INPUT MATERIAL.
═══

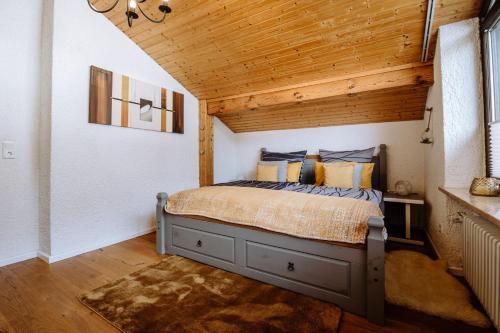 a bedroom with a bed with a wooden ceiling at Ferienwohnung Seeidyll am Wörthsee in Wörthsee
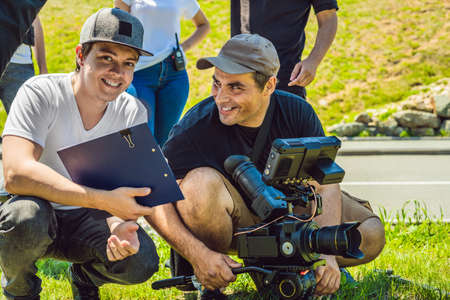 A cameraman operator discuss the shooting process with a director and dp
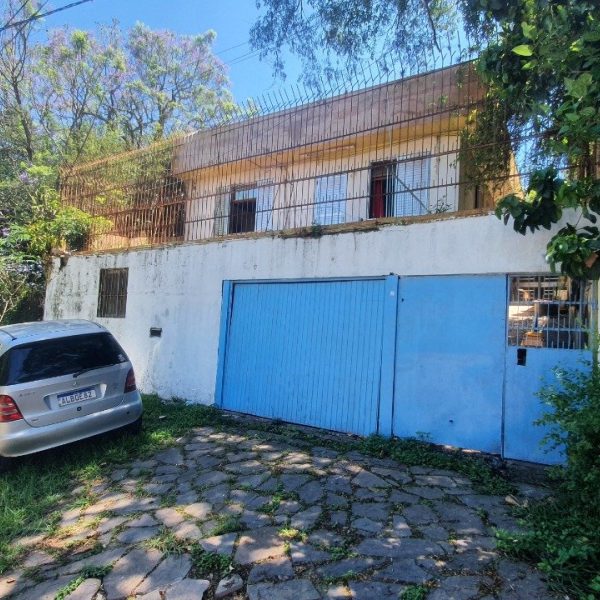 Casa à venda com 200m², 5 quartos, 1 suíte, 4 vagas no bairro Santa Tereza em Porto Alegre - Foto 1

═══

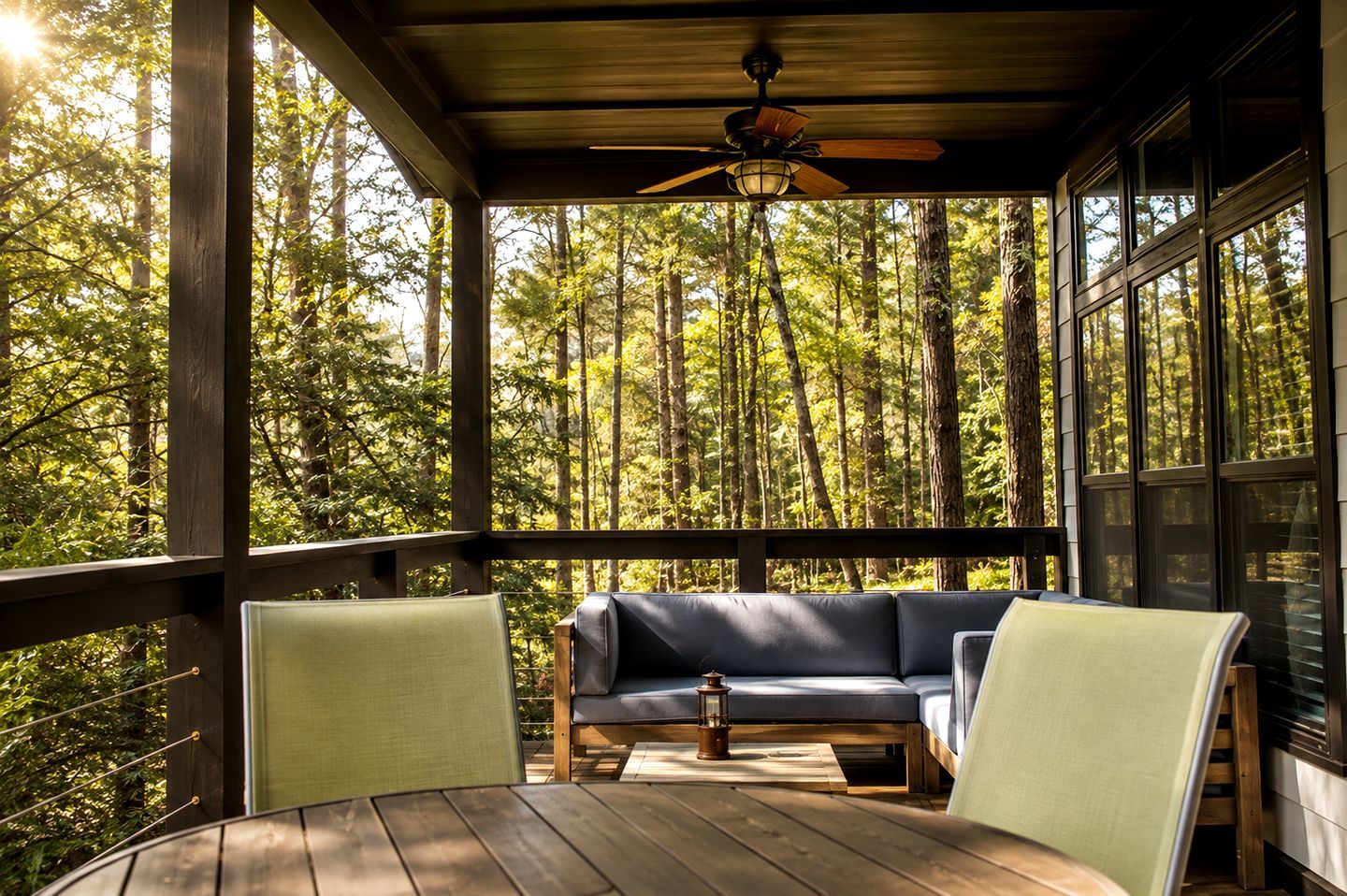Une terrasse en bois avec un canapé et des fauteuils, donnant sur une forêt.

═══

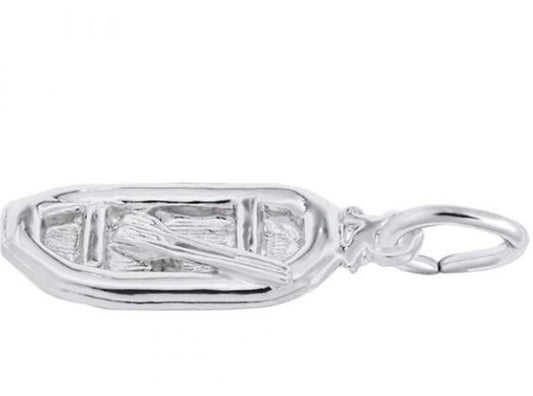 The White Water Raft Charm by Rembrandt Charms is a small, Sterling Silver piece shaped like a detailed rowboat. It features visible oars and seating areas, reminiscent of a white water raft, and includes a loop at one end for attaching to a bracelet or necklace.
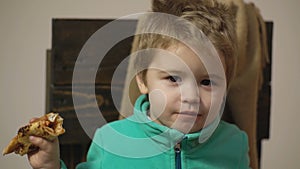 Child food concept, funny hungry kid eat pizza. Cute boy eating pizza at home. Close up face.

═══

TASK OBJECTIVE. Print nothing but the lines above starting with the line that contains "a bedroom with" and going on through the line that contains "Casa à venda". Leave out the pictures.

ANSWER TO THE PROBLEM.
 a bedroom with a bed with a wooden ceiling at Ferienwohnung Seeidyll am Wörthsee in Wörthsee
 A cameraman operator discuss the shooting process with a director and dp
 Casa à venda com 200m², 5 quartos, 1 suíte, 4 vagas no bairro Santa Tereza em Porto Alegre - Foto 1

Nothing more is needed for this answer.